随着饮食文化渐变高雅,所需餐具也变得多样化,晚餐餐具组合在18世纪也因此变得堂皇。荷兰东印度公司文献记载一些多达500~600件的餐具组合曾被订制,有些更多于1000件。1767~1784年,马尼拉大帆船记录总共登记了524组餐具套装,当中大部分为120~200件餐具不等,只有76组为214~670件餐具。共120件餐具的套装大多包括盘、熏盘、汤盅等器皿,而较大的餐具组合则包含更多形式各异的器皿。
随着糖和香料变得普及化,甜点在18世纪进餐文化中也变得不容忽视。展览中包含一对罕见的清乾隆粉彩描金甜食盘架一对,每个甜食架均由三个贝壳形小盘组成,中央由海豚塑像相连,海豚尾部作手柄。三个贝壳形小盘盘心饰粉彩描金西洋折枝花卉,口沿缀矾红描金西洋矛头纹一周。海豚以矾红填彩,并以墨彩描金勾勒细节,添饰三朵矾红描金小花。此类甜食架是晚餐餐具套装的一部分,用来盛载蜜饯和果脯。其源可上溯1755年制于鲍氏瓷厂(Bow)雏本,后于伍斯特(Worcester)及德比(Derby)瓷厂皆有出品。此外还有烛台和黄油盘。外销法国市场的一组徽章纹餐具组合就包括:供应晚餐主菜的芥末壶、酱壶、沙拉碗,供食用甜点的奶油罐和篮子,饭后泡茶用的茶壶与奶罐。
除了饮食外,陶瓷在17世纪末和18世纪也应用于其他用途,包括供家居布置的瓦片、坐墩、烛台等,及其他用于梳理卫生的用具。与只用于陈设装饰而大量出口欧洲的瓷器有别,此等瓷类器皿反映了当时社会对具有实际用途的奢侈品的需求。瓷器除了在饭厅以外,也应用于卧房和家居其他地方,彰显了收藏者的财富与品位。其他瓷品也应用于室外,如为供应不同品位需求,形式各异的鼻烟盒和杖首。

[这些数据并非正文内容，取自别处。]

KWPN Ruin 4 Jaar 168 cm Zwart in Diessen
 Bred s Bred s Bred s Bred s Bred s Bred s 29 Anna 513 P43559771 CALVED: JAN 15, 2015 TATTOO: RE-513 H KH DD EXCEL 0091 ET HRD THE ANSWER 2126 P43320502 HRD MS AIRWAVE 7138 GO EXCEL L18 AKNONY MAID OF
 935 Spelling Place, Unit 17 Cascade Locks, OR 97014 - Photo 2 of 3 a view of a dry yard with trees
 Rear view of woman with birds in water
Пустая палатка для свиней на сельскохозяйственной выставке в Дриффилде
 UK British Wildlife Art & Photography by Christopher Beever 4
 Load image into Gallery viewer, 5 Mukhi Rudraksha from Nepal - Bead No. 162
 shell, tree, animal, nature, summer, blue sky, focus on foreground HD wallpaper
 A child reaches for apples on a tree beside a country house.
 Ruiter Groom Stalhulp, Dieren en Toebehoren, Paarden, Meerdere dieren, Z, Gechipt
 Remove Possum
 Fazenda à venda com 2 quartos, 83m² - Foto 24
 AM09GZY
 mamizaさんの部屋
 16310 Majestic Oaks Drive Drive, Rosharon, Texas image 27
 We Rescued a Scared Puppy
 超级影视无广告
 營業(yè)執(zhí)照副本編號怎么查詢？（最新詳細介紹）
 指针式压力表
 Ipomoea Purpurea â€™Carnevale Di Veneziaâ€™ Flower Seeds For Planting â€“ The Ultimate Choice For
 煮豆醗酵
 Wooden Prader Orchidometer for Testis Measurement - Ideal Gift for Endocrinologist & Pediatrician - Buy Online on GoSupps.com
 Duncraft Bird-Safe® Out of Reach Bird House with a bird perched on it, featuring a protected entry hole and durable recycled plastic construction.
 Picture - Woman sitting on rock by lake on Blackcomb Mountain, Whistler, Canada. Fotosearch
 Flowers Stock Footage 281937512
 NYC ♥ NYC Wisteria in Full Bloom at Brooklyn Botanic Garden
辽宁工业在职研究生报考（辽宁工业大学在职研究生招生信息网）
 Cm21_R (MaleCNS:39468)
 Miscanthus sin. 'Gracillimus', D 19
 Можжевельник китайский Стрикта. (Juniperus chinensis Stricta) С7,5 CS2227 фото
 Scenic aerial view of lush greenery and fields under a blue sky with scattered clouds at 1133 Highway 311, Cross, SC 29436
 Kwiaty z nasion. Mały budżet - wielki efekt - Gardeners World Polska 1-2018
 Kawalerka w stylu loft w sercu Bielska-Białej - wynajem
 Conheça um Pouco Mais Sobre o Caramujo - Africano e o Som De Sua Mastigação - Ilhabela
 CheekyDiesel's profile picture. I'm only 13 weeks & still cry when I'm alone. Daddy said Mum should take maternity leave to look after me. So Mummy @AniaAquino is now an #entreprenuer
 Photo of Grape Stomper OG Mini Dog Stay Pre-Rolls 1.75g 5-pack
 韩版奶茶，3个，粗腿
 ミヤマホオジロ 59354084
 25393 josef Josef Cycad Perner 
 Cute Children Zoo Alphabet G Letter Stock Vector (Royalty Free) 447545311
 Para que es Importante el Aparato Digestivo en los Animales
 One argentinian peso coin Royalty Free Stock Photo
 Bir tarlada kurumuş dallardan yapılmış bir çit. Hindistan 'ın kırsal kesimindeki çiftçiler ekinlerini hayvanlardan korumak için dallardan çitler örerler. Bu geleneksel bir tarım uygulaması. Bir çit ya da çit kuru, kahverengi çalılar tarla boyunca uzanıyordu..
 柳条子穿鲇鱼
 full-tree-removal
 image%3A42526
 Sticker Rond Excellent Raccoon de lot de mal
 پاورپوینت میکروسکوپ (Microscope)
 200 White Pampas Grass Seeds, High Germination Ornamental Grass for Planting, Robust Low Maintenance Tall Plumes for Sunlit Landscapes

豪尔赫和路易莎说:“这个收藏大概最后也会散布到世界各地不同的收藏中,成为被这些藏品的历史所深深吸引的收藏者的珍宝。我们寄望其中一些珍品不只被用于装饰上,更偶尔在难得的情况下,应用在它本身的用途中。虽然如此,我们第一个目标还是希望来参观展览和阅读图录的人会欣赏和享受当中的过程,也希望我们的研究有助于为这一领域带来新鲜的视角。”